Auschwitz Museum Swarmed with Thefts, Vandalism from Visitors

The former death camp during WWII and now Auschwitz Museum has been ridden recently with thefts and vandalism from visitors.

Administrators of the Auschwitz Museum are left scratching their heads in dismay as the notorious Nazi death camp is riddled with theft and vandalism from visitors who wanted “souvenirs” from the place.

Visitors have reportedly etched messages into the bunks used by Holocaust prisoners on display at the Auschwitz Museum in their bid to leave something in the place. Additionally, there has been rising cases of people removing objects as “souvenirs” from the camp where more than one million people died throughout the Second World War.
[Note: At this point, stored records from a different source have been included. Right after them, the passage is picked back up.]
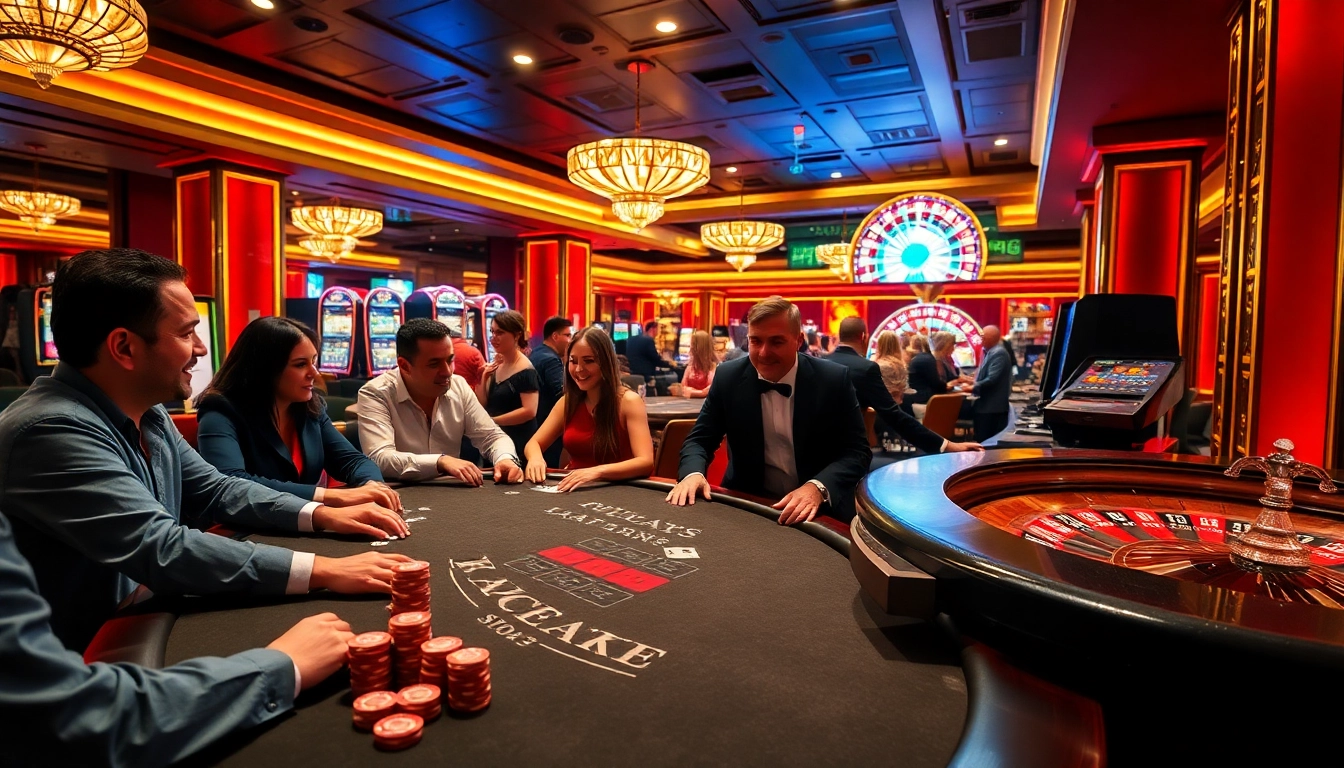 Players enjoying a vibrant casino experience at https://11bett.one/, with poker chips and tables.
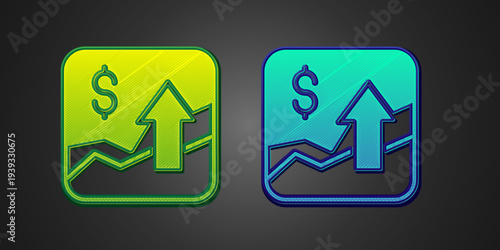 Green and blue Financial growth increase icon isolated on black background. Increasing revenue. Vector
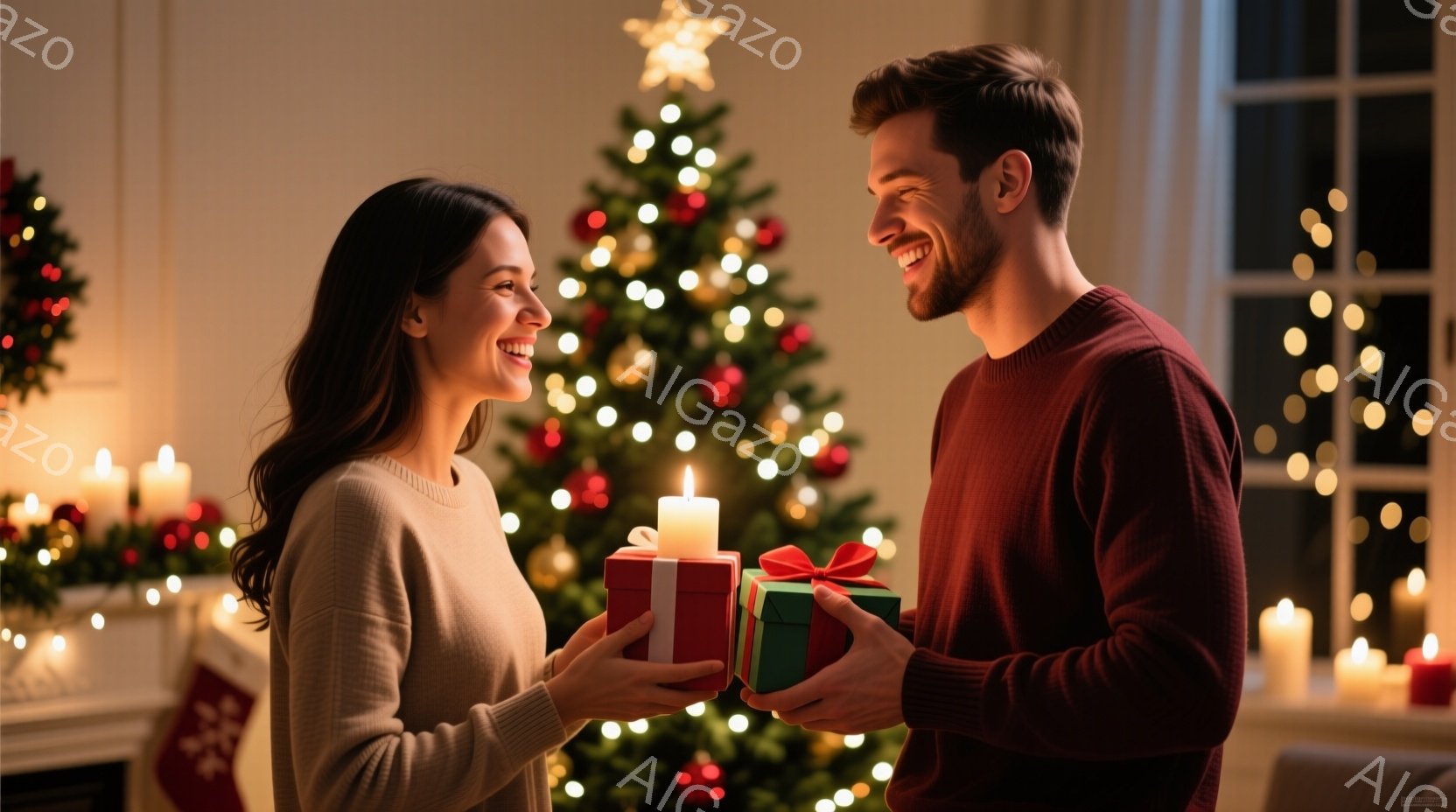 暖炉の前に立つ若いカップルが、プレゼントを交換し合っています。女性はベージュのセーターを着ており、長い茶色の髪は肩にかかっています。男性は赤茶色のセーターを着ており、満面の笑みを浮かべて女性に緑色の箱 - AI生成フリー素材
There are reported cases of visitors taking bits of barbed wire and spikes from the railway of the former prison house.

According to the report ran by The Telegraph, Auschwitz Museum organizers noted several cases where visitors carved their names with the tag was here on the walls and furniture exhibited at the former Nazi camp. There even is a case wherein the offender scratched the message I smoked here. There are also incidents wherein visiting individuals took bits of barb wires and spikes from the railway line which carried prisoners to the infamous Nazi death camp in German-controlled Poland during WWII.

According to the director of Auschwitz Museum Piotr Cywinski, the culprits aren’t always young people who visited the death camp. Teachers and foreign visitors are guilty of the thefts and vandalism as well.

A celebrated Polish historian and one of the board members of Poland’s Institute of national Remembrance Antoni Dudek is outraged with the crimes committed in Auschwitz Museum. He even coined the term barbarism to describe the incidents as according him, vandalism is something one does on petty public places like a bus stop.

Operators of Auschwitz Museum said in their part that the institution’s size makes stopping the crimes difficult. Auschwitz-Birkenau sits on an area covering more than 200 hectares and is comprise of about 150 buildings. Mr. Cywinski stated that the museum’s staff are doing their best to stop the crimes but it is just impossible to monitor the whole camp.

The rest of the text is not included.